Your task:
Would you please output, word for word, the span of the listing below that opens on the line containing "フロントフェンダー 14年-17年 ホンダ CRF250R 赤" and closes on the line containing "TOO GOOD: The"? Include both ends and nothing more.
Start of Study material
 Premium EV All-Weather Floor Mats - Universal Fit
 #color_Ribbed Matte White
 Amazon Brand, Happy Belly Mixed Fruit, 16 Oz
End of Study material
Start of Study material
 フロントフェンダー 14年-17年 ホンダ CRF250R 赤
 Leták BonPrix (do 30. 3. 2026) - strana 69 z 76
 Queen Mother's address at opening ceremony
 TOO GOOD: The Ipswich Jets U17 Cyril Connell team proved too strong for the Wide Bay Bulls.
End of Study material
Start of Study material
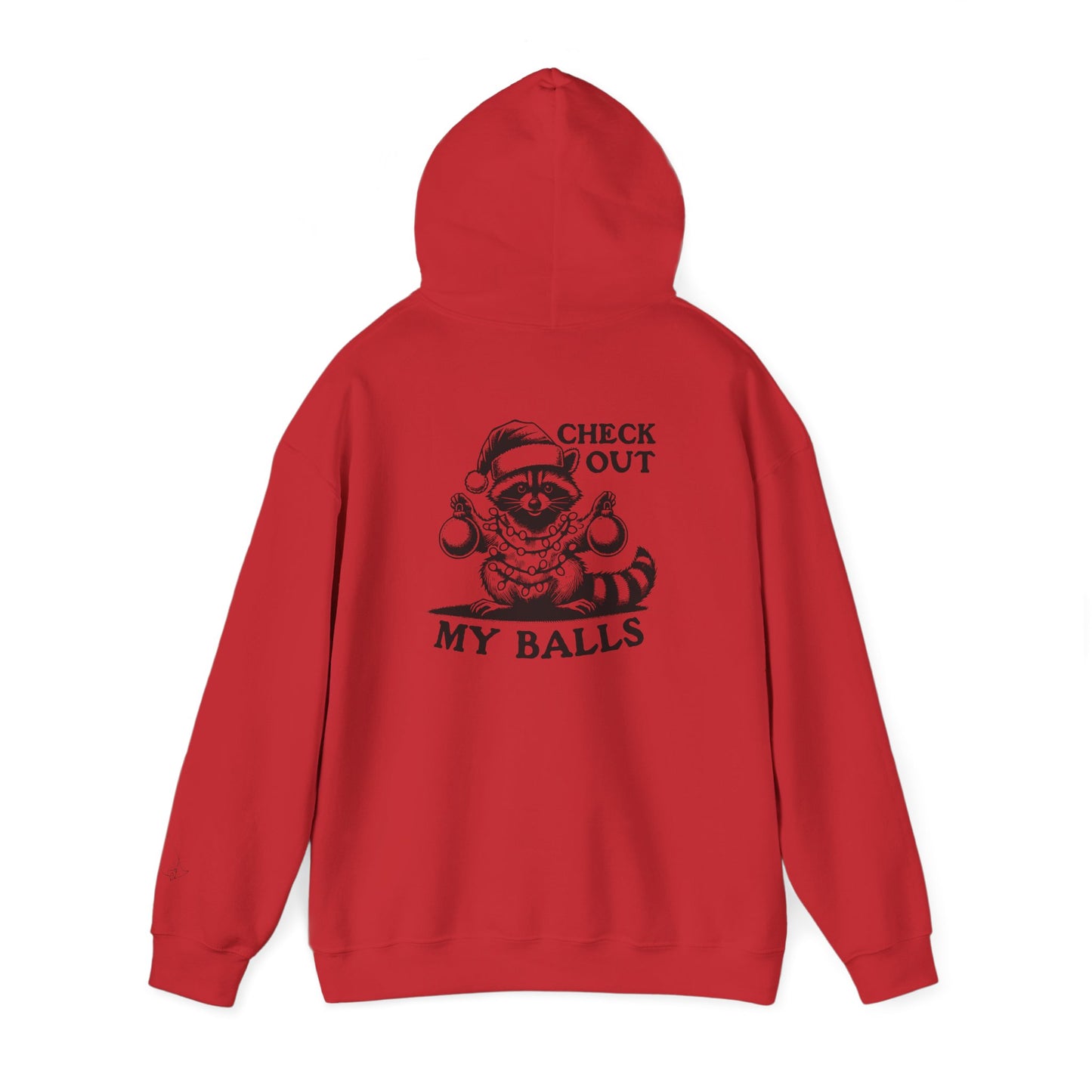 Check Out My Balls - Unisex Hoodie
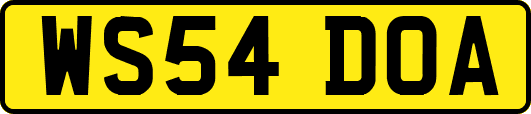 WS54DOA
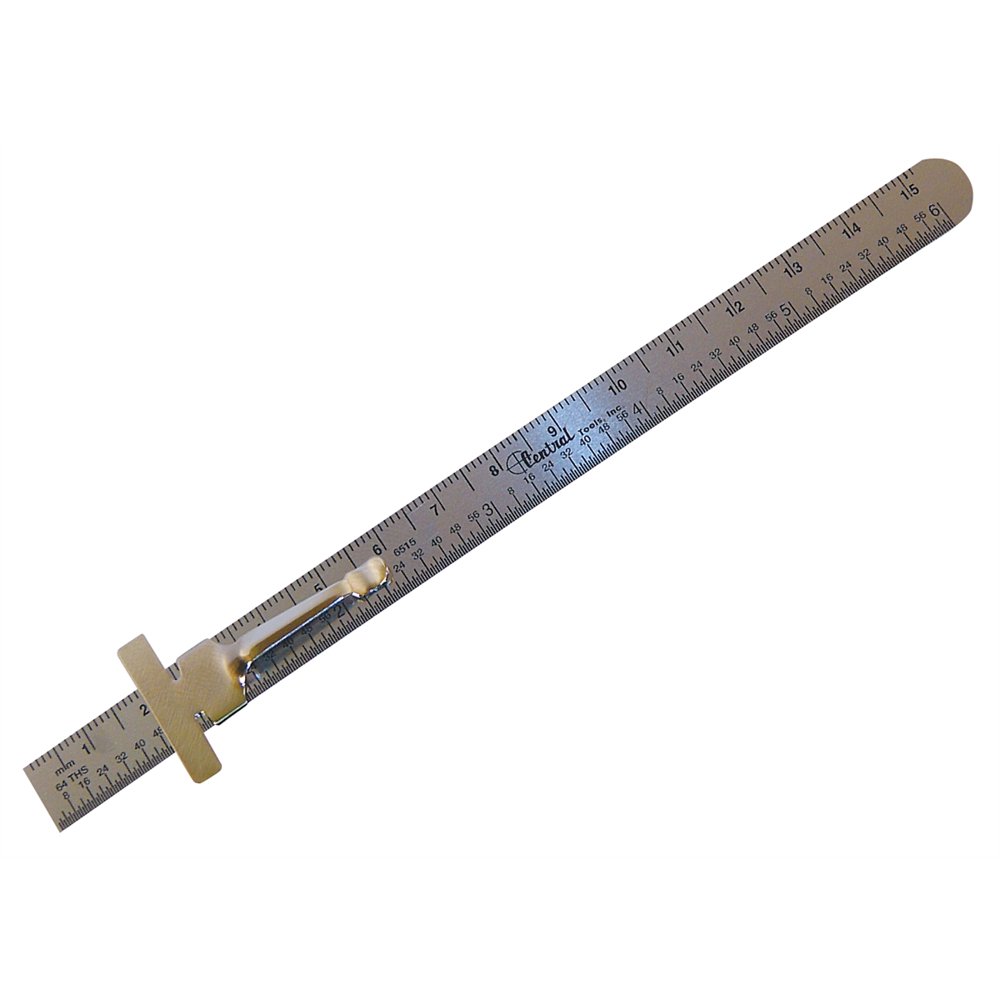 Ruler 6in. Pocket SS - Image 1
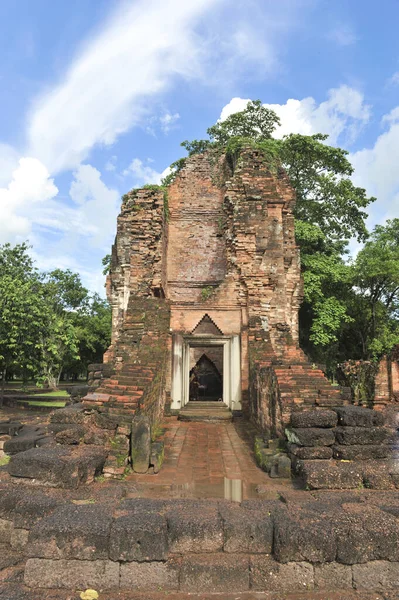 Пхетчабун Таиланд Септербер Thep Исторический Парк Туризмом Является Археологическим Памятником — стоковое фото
End of Study material
Exercise output:
 フロントフェンダー 14年-17年 ホンダ CRF250R 赤
 Leták BonPrix (do 30. 3. 2026) - strana 69 z 76
 Queen Mother's address at opening ceremony
 TOO GOOD: The Ipswich Jets U17 Cyril Connell team proved too strong for the Wide Bay Bulls.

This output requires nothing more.